Pizza shop owner bitten by new sign rules

Published on

Sarnia’s new sign bylaw has claimed its first victim.

Mateo’s Pizza was told Tuesday it will need to remove its portable street sign on Lakeshore Road or risk being fined, said owner Matt Malott.

“Cities should be helping businesses, not hindering them, “ he said. ‘This is completely and utterly ridiculous. It’s one of the stupidest things I’ve ever heard of a city doing to small business.”

The pizzeria at 1119 Lakeshore Rd. has 17.5 metres of street frontage. But under the new rules a business must have 20 metres of frontage for a portable sign.

“So they’re making me take it down because I’m short by two and a half metres,” he fumed.

Malott said he pays $100 a month to rent the sign, making it the most affordable way of letting the public know about his pizza shop.

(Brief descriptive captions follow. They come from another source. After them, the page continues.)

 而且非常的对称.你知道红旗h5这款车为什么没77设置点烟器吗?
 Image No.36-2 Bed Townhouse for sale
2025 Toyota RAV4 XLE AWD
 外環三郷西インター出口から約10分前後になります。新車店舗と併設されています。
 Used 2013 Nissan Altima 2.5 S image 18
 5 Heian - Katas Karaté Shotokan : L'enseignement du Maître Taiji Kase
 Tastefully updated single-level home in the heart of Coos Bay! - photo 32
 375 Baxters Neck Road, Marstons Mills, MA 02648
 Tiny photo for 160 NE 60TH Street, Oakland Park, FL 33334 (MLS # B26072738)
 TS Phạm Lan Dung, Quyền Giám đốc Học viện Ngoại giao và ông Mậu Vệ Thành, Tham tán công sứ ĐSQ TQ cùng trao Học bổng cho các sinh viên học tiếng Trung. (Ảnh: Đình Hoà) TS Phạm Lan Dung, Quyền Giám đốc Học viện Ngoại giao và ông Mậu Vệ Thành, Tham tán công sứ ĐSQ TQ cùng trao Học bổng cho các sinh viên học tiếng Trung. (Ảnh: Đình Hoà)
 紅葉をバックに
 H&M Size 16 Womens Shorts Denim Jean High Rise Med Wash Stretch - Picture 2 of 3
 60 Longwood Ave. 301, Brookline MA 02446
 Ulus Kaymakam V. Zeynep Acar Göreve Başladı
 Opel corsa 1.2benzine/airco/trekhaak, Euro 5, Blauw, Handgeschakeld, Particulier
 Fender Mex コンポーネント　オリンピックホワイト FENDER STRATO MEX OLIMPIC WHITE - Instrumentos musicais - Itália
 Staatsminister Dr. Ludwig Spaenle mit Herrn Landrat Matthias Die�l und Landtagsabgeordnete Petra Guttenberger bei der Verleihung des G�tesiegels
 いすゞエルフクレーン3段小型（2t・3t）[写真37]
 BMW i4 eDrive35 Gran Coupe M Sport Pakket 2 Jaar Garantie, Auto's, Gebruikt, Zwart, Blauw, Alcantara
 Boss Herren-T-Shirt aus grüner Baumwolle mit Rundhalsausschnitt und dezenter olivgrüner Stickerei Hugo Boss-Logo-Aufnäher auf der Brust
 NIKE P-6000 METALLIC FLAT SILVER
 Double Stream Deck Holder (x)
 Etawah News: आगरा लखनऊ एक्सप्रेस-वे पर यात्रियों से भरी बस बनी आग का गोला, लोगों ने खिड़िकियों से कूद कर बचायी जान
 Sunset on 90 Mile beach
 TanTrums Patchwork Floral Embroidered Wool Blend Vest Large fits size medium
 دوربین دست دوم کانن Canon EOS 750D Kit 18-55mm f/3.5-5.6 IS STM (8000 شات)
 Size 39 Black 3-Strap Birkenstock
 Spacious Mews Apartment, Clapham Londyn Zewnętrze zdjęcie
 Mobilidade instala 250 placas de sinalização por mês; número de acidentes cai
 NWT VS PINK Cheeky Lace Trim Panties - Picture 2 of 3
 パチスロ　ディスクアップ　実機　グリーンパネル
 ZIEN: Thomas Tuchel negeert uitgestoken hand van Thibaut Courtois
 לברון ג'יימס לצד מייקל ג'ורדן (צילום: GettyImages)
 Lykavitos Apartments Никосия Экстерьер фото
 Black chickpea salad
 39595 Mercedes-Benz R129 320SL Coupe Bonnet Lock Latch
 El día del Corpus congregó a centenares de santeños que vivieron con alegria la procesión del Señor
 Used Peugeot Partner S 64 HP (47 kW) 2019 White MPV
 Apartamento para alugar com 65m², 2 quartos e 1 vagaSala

City hall has told him he could replace the portable with a permanent sign. But installing one with lighting and a new standard and wiring would cost thousands of dollars that he can’t afford, he said.

And by forcing its removal, city hall will lose the $150 paid for a sign permit, he added.

“They’re always complaining about revenue and this city is starving for jobs,” he said. “Why wouldn’t they do something useful instead of this?”

Alan Shaw, Sarnia’s chief building official, said the problem is the size and shape of Matteo’s lot.

It’s not only too narrow, it likely doesn’t meet a new minimum distance requirement between a sign and driveway, he said.

“Unfortunately, the way it’s worked out, he just kind of got caught in the new rules.”

Malott can appeal the decision to Sarnia’s director of planning but Shaw said his chances of success aren’t good.

The bylaw approved by city council on June 30 was the first update in 20 years. It sets restrictions on mobile signs and limits the brightness and speed of electronic message boards, among other things.

Shaw said the city doesn’t expect many businesses to be impacted, noting the frontage rule was reduced in the end to 20 metres from 30 metres at the urging of business.

“We’re going to try to work with people at this time, we’ll try to educate and explain the reasons,” he said.